Monday, April 21, 2003

eschew reportage

Sometimes, I have to be reminded that what I have here is a journal, not a daily activity report.

Screw concerns about vulnerability. A coy blog is not worth writing, and definitely not worth reading.

keeping it together

I just came back from my blog wanderings in voyeur mode and found myself engrossed with the last one because I so identified with it. Now I don’t know if it is a meme or what, but several journals I read all shared the same theme: railing against time and circumstance – in a few cases, dreading the harbinger of old(er) age.

What struck me most was one author’s candid ire and desperation. He felt he wanted to be something before he turned 30, and shook his head at the inevitable comparisons he drew with his contemporaries. Now this is no slothful or untalented man; obviously he’s had his share of successes, but what he felt he failed to do was to make a dent – whatever that dent is.

He then asks just what is he supposed to do? How come no one taught him about that part of life?
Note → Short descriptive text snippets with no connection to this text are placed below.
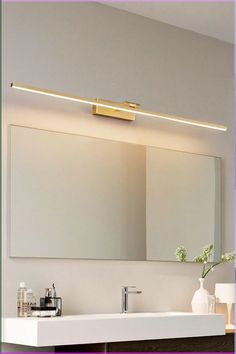 a bathroom sink with a mirror above it and a vase on the counter next to it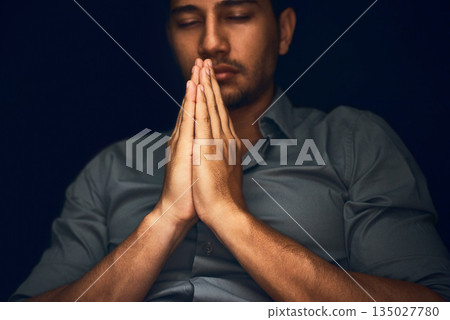 Pray, worship and man with praying hands in studio for hope, faith and religious guidance. Palms, prayer and male person with gesture for faith, God and gratitude to Jesus for help, trust and belief 135027780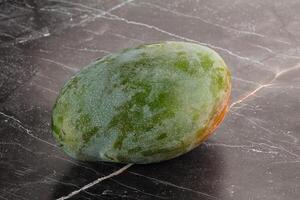 Ripe sweet green tropic mango photo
Where are the guidebooks, the marked maps, the secret codes?

Questions I know young people can barely construct, embraced by the tenderness of a sheltered life with their parents, uncovering the rules of love and heartache, determining their identity and preferences.

instant identification

I asked myself the very same questions a few years back, and every year around my birthday I find myself wallowing in the same mire of self-absorption. I remember the first time the equivalent of a mid-life crisis struck me with full force. I took a good long analytical look at myself and stripped myself of my illusions.

What did I have?

nothing to hold

Nothing to speak of in material terms. Money came and went in the throes of moments that did not look too far into the future. I never purchased anything like stocks or insurance, did not invest in other people’s businesses – I did not consider myself knowledgable enough to do any of that. I had given up my car and did not own my own place to live. My bank account echoed the rhythm of the tides, month in and month out.

nothing to be proud of

I had more in terms of achievements, but all of that, I felt, was pale comfort. I could not eat my awards for things written in times of focused passion. The beauty of my short stories published here and there was no hedge against the need to pay the rent, the grocery bill, the utilities. Besides, I had mistakenly stopped writing when everything seemed too simple. I erred in thinking that there were no challenges and left the arena, disdaining the accolades and sycophants who wished me well.

something to fight for

The only thing that kept me going was my love for my wife. I refused to see her in any kind of need or distress, such that I took jobs that I realized much later were beneath my level, just to have cash. The reason my work was simple was because I was too intelligent for it. The same reason I was ultimately rendered inutile by sheer ennui. I could those things in my sleep, and often did, a somnambulist ekeing out a living.

So at that time, we lived as we wanted and lacked for nothing inasmuch as our needs were under control (a condo unit, books, comics, games, eating out). But at night I would be wracked by stunningly fundamental questions.

Where was the guidebook?

Isn’t anyone going to tell me how to do things?

Am I truly to be left to own devices for the rest of my life?

jumping with my eyes open

I never had a glorious epiphany, the kind that happens to murderers on their way to Damascus. Instead, I slowly accepted the results of my analysis. That there were no answers, no teachers, no guidebooks, no maps. That my job led to nowhere more promising than a dead-end. That the only person who could begin to create solutions for my personal circumstances was myself.

So I decided to jump away from the relative comfort of false stability. I quit my job (and immediately missed the regular paychecks) and went to market. The only thing I had for sale was myself – my writer core plus all the odds and ends I acquired through the years. I’ve always believed in my ability to do something I put my mind to. To my shocked delight, so did others. They called my odds and ends “skill sets” and told me that my market value was easily 5 times my previous salary.

fast forward

Today I have my own business (and still shake my head at the notion of myself as a businessman – what writer-type person becomes a businessman?) doing something that challenges my mind on a regular basis. I do not consider myself a success by a long shot, but my circumstances are significantly improved from several years ago. I know how easily wheels turn but this time have provided alternatives.

I’ve begun writing again, publishing once in a while, collaborating with people whose minds and talents push me to either hold up my own or withdraw in shame. And I'd sooner die than not try.

But once in a while, I still ask the same questions that haunt me. I think that I shall never stop asking them for as long as I can draw breath, despite the fact that the answers never change.

Where do I make a dent? How do I make a dent?

Do I have to make a dent?

a little bit of something is better
than a whole lot of nothing

In the end, it is the asking that matters. Going on despite the lack of closure, knowing that everything, sadly, must end in tears. It means striving today for a little extra comfort tomorrow. It means making sure that my little girl grows up in the best possible environment within our means. It means working towards a degree of creative achievement on my own terms, not for awards or my friends' applause, but for my inner spirit that rests only when it has given up all its words.

It means accepting the fact that dent or no dent, life must be lived.

So is there a lesson in all this soulsearching?

I don't know.

You should know better than to ask a man who has no answers, but only tentative solutions for everyday existence.